Lines start to expand through Spencer’s mind. What’s dark is suddenly being thrust into light. What were edges are fast becoming core. The whole of the old map becomes the center of the new one. And what the new represents is no longer just the corridor that surrounds the main line from Mountain to London. It’s the whole of the North Atlantic. Spencer watches as it keeps on growing. He realizes that if he isn’t crazy yet this map will probably take over his mind and make him so. Because it’s Control’s creature. He sees that now. He gets it. Control’s given him autonomous software able to adapt to the situation—able to help Control’s razor to assess that situation correctly. The zone’s gone. Spencer’s in the dark. But the lights of the map within him play upon him anyway. He reads the riddle embedded in their shifting patterns. He sees the route that’s tracing itself through them. He sees what Control wants him to do.

He starts discussing options with Linehan.

“What’s there to discuss?” says Linehan. “We’re ten minutes out from border.”

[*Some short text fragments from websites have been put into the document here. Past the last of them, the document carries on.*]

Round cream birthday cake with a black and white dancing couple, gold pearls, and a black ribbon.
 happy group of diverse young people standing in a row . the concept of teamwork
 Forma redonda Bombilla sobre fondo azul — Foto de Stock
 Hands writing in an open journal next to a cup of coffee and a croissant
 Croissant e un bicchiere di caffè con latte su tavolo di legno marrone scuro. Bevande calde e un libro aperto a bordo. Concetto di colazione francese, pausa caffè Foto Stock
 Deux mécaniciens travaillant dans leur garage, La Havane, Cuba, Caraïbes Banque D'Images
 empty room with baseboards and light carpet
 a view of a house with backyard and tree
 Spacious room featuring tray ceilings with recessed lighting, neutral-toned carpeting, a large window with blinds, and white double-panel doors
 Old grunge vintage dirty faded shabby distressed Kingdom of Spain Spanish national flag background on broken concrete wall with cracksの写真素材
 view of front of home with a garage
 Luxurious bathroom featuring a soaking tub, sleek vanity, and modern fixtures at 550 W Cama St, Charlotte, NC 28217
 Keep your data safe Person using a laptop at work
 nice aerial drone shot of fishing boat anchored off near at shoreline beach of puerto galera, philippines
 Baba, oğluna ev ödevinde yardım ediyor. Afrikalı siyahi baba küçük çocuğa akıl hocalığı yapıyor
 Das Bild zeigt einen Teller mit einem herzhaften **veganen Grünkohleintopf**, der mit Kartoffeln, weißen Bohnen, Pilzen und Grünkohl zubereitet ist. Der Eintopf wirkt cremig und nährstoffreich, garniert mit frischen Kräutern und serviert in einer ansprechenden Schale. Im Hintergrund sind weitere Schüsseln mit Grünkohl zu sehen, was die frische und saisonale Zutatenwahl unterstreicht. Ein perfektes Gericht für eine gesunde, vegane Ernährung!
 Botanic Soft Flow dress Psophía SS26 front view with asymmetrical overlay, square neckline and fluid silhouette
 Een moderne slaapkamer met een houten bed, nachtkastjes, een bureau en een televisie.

“What’s to discuss is that we’re not going there,” says Spencer.

“What?”

“I said we’re not going there.”

“Says who?”

“Says me.”

“What the fuck’s your problem?”

“There’s no problem,” says Spencer slowly. “There’s just logic. And logic says that we aren’t going to try to run the border.”

“We almost have!”

“Linehan. We’re still almost two thousand klicks west of where the Euro Magnates take over.”

“So?”

“So our chances of doing a stealth run have basically dropped to nothing flat. We were running beneath the radar before the zone went. We still are. But now it’s for a different reason. And it’s a safe bet that somewhere in the next couple thousand klicks the zone reasserts itself. Which means we’re essentially hiding in what amounts to a local disruption. Let’s hope that means that they can’t see what’s going on within it. But let’s not make any plans that don’t presume that they’re sending craft in right now. And let’s not kid ourselves for a moment that they aren’t waiting with all forces they’ve got for whatever comes out.”